Why did we start with zero, rather than one? Because lists, like strings, are “zero indexed”. The index represents the number of items that come before the element.

While most of the list procedures we’ve examined so far—procedures like reduce, map, and filter—work on the list as a whole, if we’re using lists for this kind of prupose, we want to work with the individual elements of the list.

How do we extract the different elements from the list, either to display them or compare them?

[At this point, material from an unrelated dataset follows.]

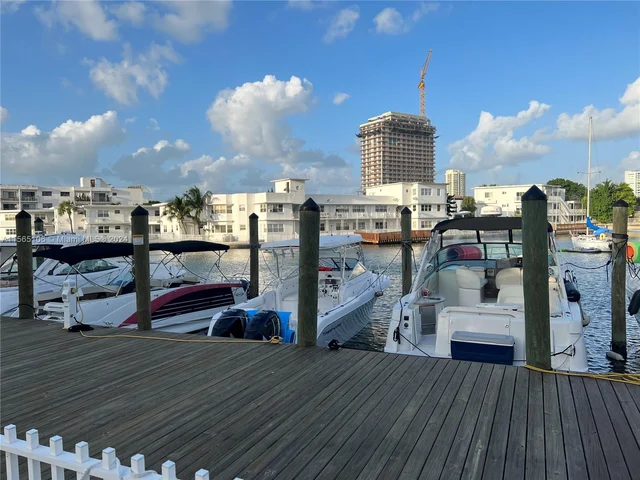 6881 Bay Dr # 9, Miami Beach FL 33141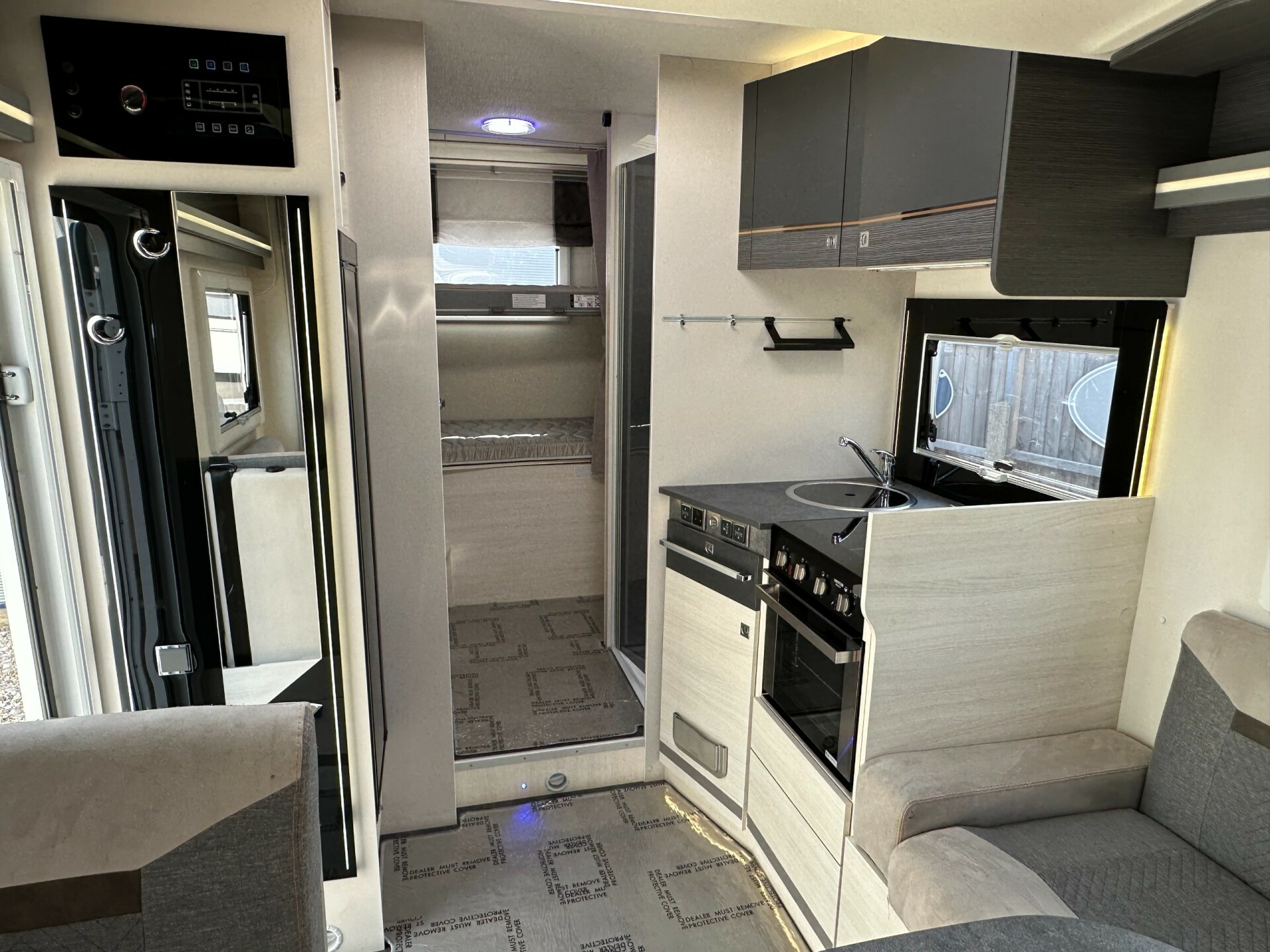 Ford Titanium 720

The most straightforward is to use list-ref, a two-parameter procedure that takes a list and an index as inputs and returns the item at that index.

> (define sverdlovsky
    '(1969 "The Russian Crash - Sverdlovsky" "Mar, 1969" "Russia" #t #t #t #f))
> (list-ref sverdlovsky 0)
1969
> (list-ref sverdlovsky 1)
"The Russian Crash - Sverdlovsky"
> (list-ref sverdlovsky 2)
"Mar, 1969"
> (list-ref sverdlovsky 3)
"Russia"
> (list-ref sverdlovsky 4)
#t

Scheme also provides two other operations to extract values from lists: car extracts the first element (element zero) and cdr returns a list containing all but the first element.

> (car sverdlovsky)
1969
> (cdr sverdlovsky)
'("The Russian Crash - Sverdlovsky" "Mar, 1969" "Russia" #t #t #t #f)
> (car (cdr sverdlovsky))
"The Russian Crash - Sverdlovsky"

Building lists

We’ve been building new lists using list, make-list, or the quote operation. But what if we have an existing list and we want to add an element to the front? Say, suppose we want to add a unique identifier to each sighting, such as 'ufo023. Scheme provides an operation called cons that builds a new list by adding a value to the front of the list.

> (cons 'ufo023 sverdlovsky)
'(ufo023 1969 "The Russian Crash - Sverdlovsky" "Mar, 1969" "Russia" #t #t #t #f)
> (car sverdlovsky)
1969
> sverdlovsky
'(1969 "The Russian Crash - Sverdlovsky" "Mar, 1969" "Russia" #t #t #t #f)
> (define sample (cons 'ufo023 sverdlovsky))
> sample
'(ufo023 1969 "The Russian Crash - Sverdlovsky" "Mar, 1969" "Russia" #t #t #t #f)
> (car sample)
'ufo023

Why is the operation called cons instead of list-prepend or something similar? Well, cons is the name John McCarthy, the designer of Lisp, chose over sixty years ago. “cons” is short for construct, because cons constructs lists. (The custom of naming procedures with the basic type they operate on, a dash, and the key operation did not start until a few decades later.) The names car and cdr were chosen for very specific reasons that will not make sense for a few more weeks. For now, just accept that you’re learning a bit of strange computer-ese.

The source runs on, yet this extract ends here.